Polygenic Overlap Between Kidney Function and Large Artery Atherosclerotic Stroke
Background and Purpose—Epidemiological studies show strong associations between kidney dysfunction and risk of ischemic stroke (IS), the mechanisms of which are incompletely understood. We investigated whether these associations may reflect shared heritability because of a common polygenic basis and whether this differed for IS subtypes.
Methods—Polygenic models were derived using genome-wide association studies meta-analysis results for 3 kidney traits: estimated glomerular filtration rate using serum creatinine (eGFRcrea: n=73 998), eGFR using cystatin C (eGFRcys: n=22 937), and urinary albumin to creatinine ratio (n=31 580). For each, single nucleotide polymorphisms passing 10 P value thresholds were used to form profile scores in 4561 IS cases and 7094 controls from the United Kingdom, Germany, and Australia. Scores were tested for association with IS and its 3 aetiological subtypes: large artery atherosclerosis, cardioembolism, and small vessel disease.
Results—Polygenic scores correlating with higher eGFRcrea were associated with reduced risk of large artery atherosclerosis, with 5 scores reaching P<0.05 (peak P=0.004) and all showing the epidemiologically expected direction of effect. A similar pattern was observed for polygenic scores reflecting higher urinary albumin to creatinine ratio, of which 3 associated with large artery atherosclerosis (peak P=0.01) and all showed the expected directional association. One urinary albumin to creatinine ratio–based score also associated with small vessel disease (P=0.03). The global pattern of results was unlikely to have occurred by chance (P=0.02).

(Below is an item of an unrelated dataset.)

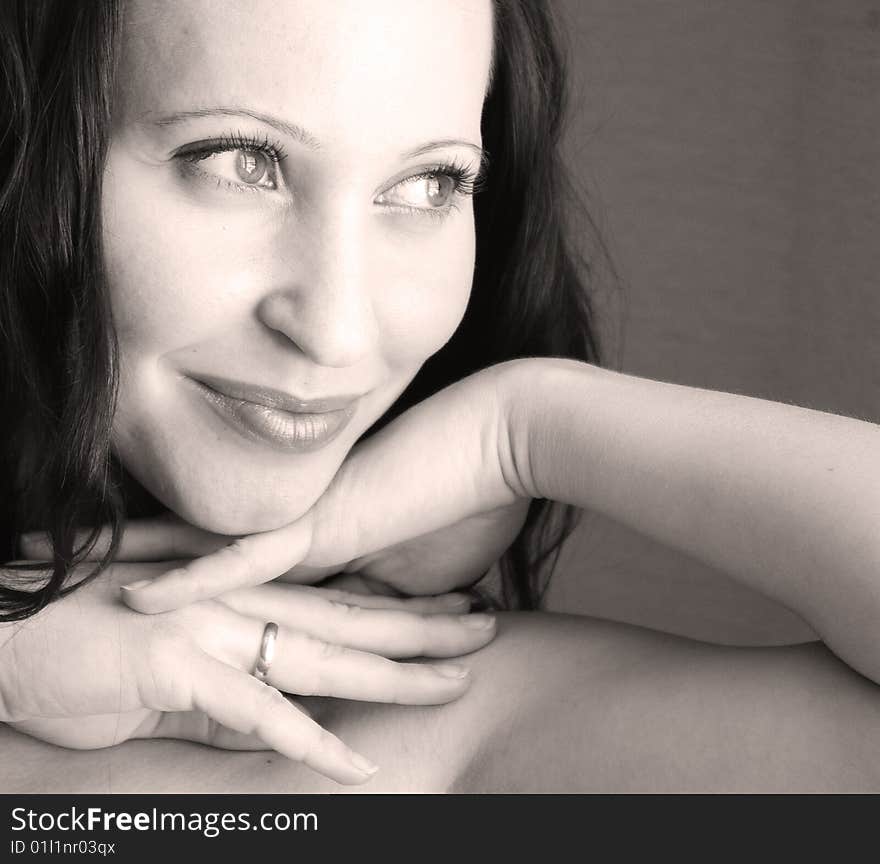 Dark hair young woman black and white portrait. Dark hair young woman black and white portrait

Conclusions—This study suggests possible polygenic correlation between renal dysfunction and IS. The shared genetic components may be specific to stroke subtypes, particularly large artery atherosclerotic stroke. Further study of the genetic relationships between these disorders seems merited.
Epidemiological evidence supports an association between kidney dysfunction and risk of cardiovascular diseases, including stroke. In fact, the majority of individuals with chronic kidney disease (CKD) die of a cardiovascular cause before developing end-stage renal disease.1 In relation to stroke, kidney dysfunction is associated with multiple outcomes, including incident stroke,2 recurrent stroke,3 and mortality after stroke.4 These relationships seem related more to ischemic stroke (IS) rather than hemorrhagic stroke.5,6
The mechanisms for these phenotypic correlations are not completely understood. Sharing of established cardiovascular risk factors, such as age, sex, blood pressure, cholesterol, smoking, and diabetes mellitus, can explain some but not all excess stroke risk in patients with CKD.3 Sharing of pathophysiological correlates of vascular disease, including carotid atherosclerosis,7 arterial stiffness,8 and cerebral white matter hyperintensity lesions,9 also seem to explain an additional component, but not all, of the excess risk.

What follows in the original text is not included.